** Opening Source material block **
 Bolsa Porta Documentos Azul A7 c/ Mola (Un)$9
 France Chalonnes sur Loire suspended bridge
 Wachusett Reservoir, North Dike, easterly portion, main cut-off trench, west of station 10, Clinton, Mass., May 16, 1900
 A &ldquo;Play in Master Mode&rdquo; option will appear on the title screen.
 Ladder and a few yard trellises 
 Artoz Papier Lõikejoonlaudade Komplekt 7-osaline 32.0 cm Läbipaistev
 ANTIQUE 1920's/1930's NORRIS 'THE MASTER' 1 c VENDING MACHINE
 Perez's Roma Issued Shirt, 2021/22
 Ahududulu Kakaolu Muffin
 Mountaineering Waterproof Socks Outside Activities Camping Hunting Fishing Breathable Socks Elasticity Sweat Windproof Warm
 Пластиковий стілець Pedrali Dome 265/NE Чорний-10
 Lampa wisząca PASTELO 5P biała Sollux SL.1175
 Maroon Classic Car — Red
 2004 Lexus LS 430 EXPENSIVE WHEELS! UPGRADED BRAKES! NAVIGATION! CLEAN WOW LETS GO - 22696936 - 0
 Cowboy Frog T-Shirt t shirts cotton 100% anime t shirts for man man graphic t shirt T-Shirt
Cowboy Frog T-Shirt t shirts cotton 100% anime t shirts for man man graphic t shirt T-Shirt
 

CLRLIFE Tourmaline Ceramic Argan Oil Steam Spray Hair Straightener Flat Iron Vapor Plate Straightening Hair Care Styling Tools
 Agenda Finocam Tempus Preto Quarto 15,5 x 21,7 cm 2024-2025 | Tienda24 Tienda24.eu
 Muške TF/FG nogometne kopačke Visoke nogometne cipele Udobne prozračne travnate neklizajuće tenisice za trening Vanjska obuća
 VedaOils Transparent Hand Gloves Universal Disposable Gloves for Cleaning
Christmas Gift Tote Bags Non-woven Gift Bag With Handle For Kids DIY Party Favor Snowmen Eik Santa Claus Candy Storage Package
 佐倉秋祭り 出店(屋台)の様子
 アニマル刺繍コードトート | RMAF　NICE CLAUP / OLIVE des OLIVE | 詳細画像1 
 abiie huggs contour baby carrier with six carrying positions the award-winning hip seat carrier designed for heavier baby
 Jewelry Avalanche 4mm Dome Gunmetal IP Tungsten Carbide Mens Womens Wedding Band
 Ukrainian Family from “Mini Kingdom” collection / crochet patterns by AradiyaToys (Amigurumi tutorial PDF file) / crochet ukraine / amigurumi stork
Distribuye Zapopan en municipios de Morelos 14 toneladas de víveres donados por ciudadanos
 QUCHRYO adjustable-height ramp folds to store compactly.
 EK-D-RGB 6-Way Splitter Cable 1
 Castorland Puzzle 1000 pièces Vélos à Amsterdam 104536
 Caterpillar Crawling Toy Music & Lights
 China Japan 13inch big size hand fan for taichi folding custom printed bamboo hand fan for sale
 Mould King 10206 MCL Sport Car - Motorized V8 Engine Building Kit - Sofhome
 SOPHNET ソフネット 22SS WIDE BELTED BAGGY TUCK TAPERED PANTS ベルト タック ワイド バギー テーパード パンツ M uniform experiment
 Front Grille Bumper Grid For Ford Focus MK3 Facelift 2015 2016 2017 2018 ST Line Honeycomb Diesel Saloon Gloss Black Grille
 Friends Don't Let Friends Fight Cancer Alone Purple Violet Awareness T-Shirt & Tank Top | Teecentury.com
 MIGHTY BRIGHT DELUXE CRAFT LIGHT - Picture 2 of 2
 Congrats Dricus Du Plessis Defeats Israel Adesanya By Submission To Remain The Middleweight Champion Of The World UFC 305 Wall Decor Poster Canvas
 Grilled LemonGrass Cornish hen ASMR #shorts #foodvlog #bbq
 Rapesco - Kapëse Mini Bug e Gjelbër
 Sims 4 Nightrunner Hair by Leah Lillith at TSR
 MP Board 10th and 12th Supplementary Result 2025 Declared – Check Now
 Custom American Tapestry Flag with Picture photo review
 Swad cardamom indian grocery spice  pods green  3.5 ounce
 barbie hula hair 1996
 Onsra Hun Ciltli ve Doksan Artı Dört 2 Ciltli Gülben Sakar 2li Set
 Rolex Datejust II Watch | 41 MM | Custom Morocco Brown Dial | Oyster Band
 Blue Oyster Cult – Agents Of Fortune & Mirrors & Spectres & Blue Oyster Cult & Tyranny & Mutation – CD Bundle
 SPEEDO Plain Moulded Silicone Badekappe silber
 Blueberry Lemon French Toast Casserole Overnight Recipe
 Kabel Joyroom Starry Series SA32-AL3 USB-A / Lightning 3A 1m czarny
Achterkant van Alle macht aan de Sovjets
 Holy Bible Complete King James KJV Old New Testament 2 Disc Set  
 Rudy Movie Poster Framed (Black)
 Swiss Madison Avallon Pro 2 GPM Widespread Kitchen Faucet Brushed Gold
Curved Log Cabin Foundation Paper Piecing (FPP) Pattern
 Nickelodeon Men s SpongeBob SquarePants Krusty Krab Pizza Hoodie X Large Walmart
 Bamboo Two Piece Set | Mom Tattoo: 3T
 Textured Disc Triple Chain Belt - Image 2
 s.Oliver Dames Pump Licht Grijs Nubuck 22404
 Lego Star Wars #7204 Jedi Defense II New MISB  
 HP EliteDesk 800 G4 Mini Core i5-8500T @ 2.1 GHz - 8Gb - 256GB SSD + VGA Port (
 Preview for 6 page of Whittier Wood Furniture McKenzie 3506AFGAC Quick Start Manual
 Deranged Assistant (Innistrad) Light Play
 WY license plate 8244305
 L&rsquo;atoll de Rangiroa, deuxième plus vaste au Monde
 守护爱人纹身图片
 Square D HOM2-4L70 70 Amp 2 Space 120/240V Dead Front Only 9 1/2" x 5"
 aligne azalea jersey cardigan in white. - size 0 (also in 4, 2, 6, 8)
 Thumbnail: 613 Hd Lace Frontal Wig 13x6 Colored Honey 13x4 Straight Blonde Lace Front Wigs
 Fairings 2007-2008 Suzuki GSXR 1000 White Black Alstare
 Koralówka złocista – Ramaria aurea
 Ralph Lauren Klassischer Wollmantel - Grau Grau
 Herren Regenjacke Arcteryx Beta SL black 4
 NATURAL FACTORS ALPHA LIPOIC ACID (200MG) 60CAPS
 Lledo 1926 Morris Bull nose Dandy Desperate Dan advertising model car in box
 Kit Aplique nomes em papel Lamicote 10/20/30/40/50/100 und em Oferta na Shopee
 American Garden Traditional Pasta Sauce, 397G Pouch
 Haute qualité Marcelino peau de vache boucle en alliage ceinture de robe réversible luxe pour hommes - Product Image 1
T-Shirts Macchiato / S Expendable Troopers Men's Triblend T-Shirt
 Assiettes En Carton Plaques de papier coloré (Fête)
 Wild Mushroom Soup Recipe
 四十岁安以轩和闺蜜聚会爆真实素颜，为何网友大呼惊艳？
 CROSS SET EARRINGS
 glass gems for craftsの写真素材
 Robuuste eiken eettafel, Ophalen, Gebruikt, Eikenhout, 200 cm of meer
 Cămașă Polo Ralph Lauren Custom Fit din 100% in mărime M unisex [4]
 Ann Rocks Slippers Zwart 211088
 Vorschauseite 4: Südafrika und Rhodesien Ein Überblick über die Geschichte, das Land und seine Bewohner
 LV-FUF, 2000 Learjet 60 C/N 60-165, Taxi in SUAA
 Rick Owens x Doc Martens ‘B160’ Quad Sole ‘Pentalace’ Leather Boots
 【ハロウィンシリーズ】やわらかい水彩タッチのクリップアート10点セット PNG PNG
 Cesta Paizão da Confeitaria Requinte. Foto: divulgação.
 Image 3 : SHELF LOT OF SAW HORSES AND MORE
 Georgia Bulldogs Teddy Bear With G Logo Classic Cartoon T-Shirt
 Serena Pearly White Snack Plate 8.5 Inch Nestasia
** Closing Source material block **
After reading through the records, retype all of them exactly.

 Bolsa Porta Documentos Azul A7 c/ Mola (Un)$9
 France Chalonnes sur Loire suspended bridge
 Wachusett Reservoir, North Dike, easterly portion, main cut-off trench, west of station 10, Clinton, Mass., May 16, 1900
 A &ldquo;Play in Master Mode&rdquo; option will appear on the title screen.
 Ladder and a few yard trellises 
 Artoz Papier Lõikejoonlaudade Komplekt 7-osaline 32.0 cm Läbipaistev
 ANTIQUE 1920's/1930's NORRIS 'THE MASTER' 1 c VENDING MACHINE
 Perez's Roma Issued Shirt, 2021/22
 Ahududulu Kakaolu Muffin
 Mountaineering Waterproof Socks Outside Activities Camping Hunting Fishing Breathable Socks Elasticity Sweat Windproof Warm
 Пластиковий стілець Pedrali Dome 265/NE Чорний-10
 Lampa wisząca PASTELO 5P biała Sollux SL.1175
 Maroon Classic Car — Red
 2004 Lexus LS 430 EXPENSIVE WHEELS! UPGRADED BRAKES! NAVIGATION! CLEAN WOW LETS GO - 22696936 - 0
 Cowboy Frog T-Shirt t shirts cotton 100% anime t shirts for man man graphic t shirt T-Shirt
Cowboy Frog T-Shirt t shirts cotton 100% anime t shirts for man man graphic t shirt T-Shirt
 

CLRLIFE Tourmaline Ceramic Argan Oil Steam Spray Hair Straightener Flat Iron Vapor Plate Straightening Hair Care Styling Tools
 Agenda Finocam Tempus Preto Quarto 15,5 x 21,7 cm 2024-2025 | Tienda24 Tienda24.eu
 Muške TF/FG nogometne kopačke Visoke nogometne cipele Udobne prozračne travnate neklizajuće tenisice za trening Vanjska obuća
 VedaOils Transparent Hand Gloves Universal Disposable Gloves for Cleaning
Christmas Gift Tote Bags Non-woven Gift Bag With Handle For Kids DIY Party Favor Snowmen Eik Santa Claus Candy Storage Package
 佐倉秋祭り 出店(屋台)の様子
 アニマル刺繍コードトート | RMAF　NICE CLAUP / OLIVE des OLIVE | 詳細画像1 
 abiie huggs contour baby carrier with six carrying positions the award-winning hip seat carrier designed for heavier baby
 Jewelry Avalanche 4mm Dome Gunmetal IP Tungsten Carbide Mens Womens Wedding Band
 Ukrainian Family from “Mini Kingdom” collection / crochet patterns by AradiyaToys (Amigurumi tutorial PDF file) / crochet ukraine / amigurumi stork
Distribuye Zapopan en municipios de Morelos 14 toneladas de víveres donados por ciudadanos
 QUCHRYO adjustable-height ramp folds to store compactly.
 EK-D-RGB 6-Way Splitter Cable 1
 Castorland Puzzle 1000 pièces Vélos à Amsterdam 104536
 Caterpillar Crawling Toy Music & Lights
 China Japan 13inch big size hand fan for taichi folding custom printed bamboo hand fan for sale
 Mould King 10206 MCL Sport Car - Motorized V8 Engine Building Kit - Sofhome
 SOPHNET ソフネット 22SS WIDE BELTED BAGGY TUCK TAPERED PANTS ベルト タック ワイド バギー テーパード パンツ M uniform experiment
 Front Grille Bumper Grid For Ford Focus MK3 Facelift 2015 2016 2017 2018 ST Line Honeycomb Diesel Saloon Gloss Black Grille
 Friends Don't Let Friends Fight Cancer Alone Purple Violet Awareness T-Shirt & Tank Top | Teecentury.com
 MIGHTY BRIGHT DELUXE CRAFT LIGHT - Picture 2 of 2
 Congrats Dricus Du Plessis Defeats Israel Adesanya By Submission To Remain The Middleweight Champion Of The World UFC 305 Wall Decor Poster Canvas
 Grilled LemonGrass Cornish hen ASMR #shorts #foodvlog #bbq
 Rapesco - Kapëse Mini Bug e Gjelbër
 Sims 4 Nightrunner Hair by Leah Lillith at TSR
 MP Board 10th and 12th Supplementary Result 2025 Declared – Check Now
 Custom American Tapestry Flag with Picture photo review
 Swad cardamom indian grocery spice  pods green  3.5 ounce
 barbie hula hair 1996
 Onsra Hun Ciltli ve Doksan Artı Dört 2 Ciltli Gülben Sakar 2li Set
 Rolex Datejust II Watch | 41 MM | Custom Morocco Brown Dial | Oyster Band
 Blue Oyster Cult – Agents Of Fortune & Mirrors & Spectres & Blue Oyster Cult & Tyranny & Mutation – CD Bundle
 SPEEDO Plain Moulded Silicone Badekappe silber
 Blueberry Lemon French Toast Casserole Overnight Recipe
 Kabel Joyroom Starry Series SA32-AL3 USB-A / Lightning 3A 1m czarny
Achterkant van Alle macht aan de Sovjets
 Holy Bible Complete King James KJV Old New Testament 2 Disc Set  
 Rudy Movie Poster Framed (Black)
 Swiss Madison Avallon Pro 2 GPM Widespread Kitchen Faucet Brushed Gold
Curved Log Cabin Foundation Paper Piecing (FPP) Pattern
 Nickelodeon Men s SpongeBob SquarePants Krusty Krab Pizza Hoodie X Large Walmart
 Bamboo Two Piece Set | Mom Tattoo: 3T
 Textured Disc Triple Chain Belt - Image 2
 s.Oliver Dames Pump Licht Grijs Nubuck 22404
 Lego Star Wars #7204 Jedi Defense II New MISB  
 HP EliteDesk 800 G4 Mini Core i5-8500T @ 2.1 GHz - 8Gb - 256GB SSD + VGA Port (
 Preview for 6 page of Whittier Wood Furniture McKenzie 3506AFGAC Quick Start Manual
 Deranged Assistant (Innistrad) Light Play
 WY license plate 8244305
 L&rsquo;atoll de Rangiroa, deuxième plus vaste au Monde
 守护爱人纹身图片
 Square D HOM2-4L70 70 Amp 2 Space 120/240V Dead Front Only 9 1/2" x 5"
 aligne azalea jersey cardigan in white. - size 0 (also in 4, 2, 6, 8)
 Thumbnail: 613 Hd Lace Frontal Wig 13x6 Colored Honey 13x4 Straight Blonde Lace Front Wigs
 Fairings 2007-2008 Suzuki GSXR 1000 White Black Alstare
 Koralówka złocista – Ramaria aurea
 Ralph Lauren Klassischer Wollmantel - Grau Grau
 Herren Regenjacke Arcteryx Beta SL black 4
 NATURAL FACTORS ALPHA LIPOIC ACID (200MG) 60CAPS
 Lledo 1926 Morris Bull nose Dandy Desperate Dan advertising model car in box
 Kit Aplique nomes em papel Lamicote 10/20/30/40/50/100 und em Oferta na Shopee
 American Garden Traditional Pasta Sauce, 397G Pouch
 Haute qualité Marcelino peau de vache boucle en alliage ceinture de robe réversible luxe pour hommes - Product Image 1
T-Shirts Macchiato / S Expendable Troopers Men's Triblend T-Shirt
 Assiettes En Carton Plaques de papier coloré (Fête)
 Wild Mushroom Soup Recipe
 四十岁安以轩和闺蜜聚会爆真实素颜，为何网友大呼惊艳？
 CROSS SET EARRINGS
 glass gems for craftsの写真素材
 Robuuste eiken eettafel, Ophalen, Gebruikt, Eikenhout, 200 cm of meer
 Cămașă Polo Ralph Lauren Custom Fit din 100% in mărime M unisex [4]
 Ann Rocks Slippers Zwart 211088
 Vorschauseite 4: Südafrika und Rhodesien Ein Überblick über die Geschichte, das Land und seine Bewohner
 LV-FUF, 2000 Learjet 60 C/N 60-165, Taxi in SUAA
 Rick Owens x Doc Martens ‘B160’ Quad Sole ‘Pentalace’ Leather Boots
 【ハロウィンシリーズ】やわらかい水彩タッチのクリップアート10点セット PNG PNG
 Cesta Paizão da Confeitaria Requinte. Foto: divulgação.
 Image 3 : SHELF LOT OF SAW HORSES AND MORE
 Georgia Bulldogs Teddy Bear With G Logo Classic Cartoon T-Shirt
 Serena Pearly White Snack Plate 8.5 Inch Nestasia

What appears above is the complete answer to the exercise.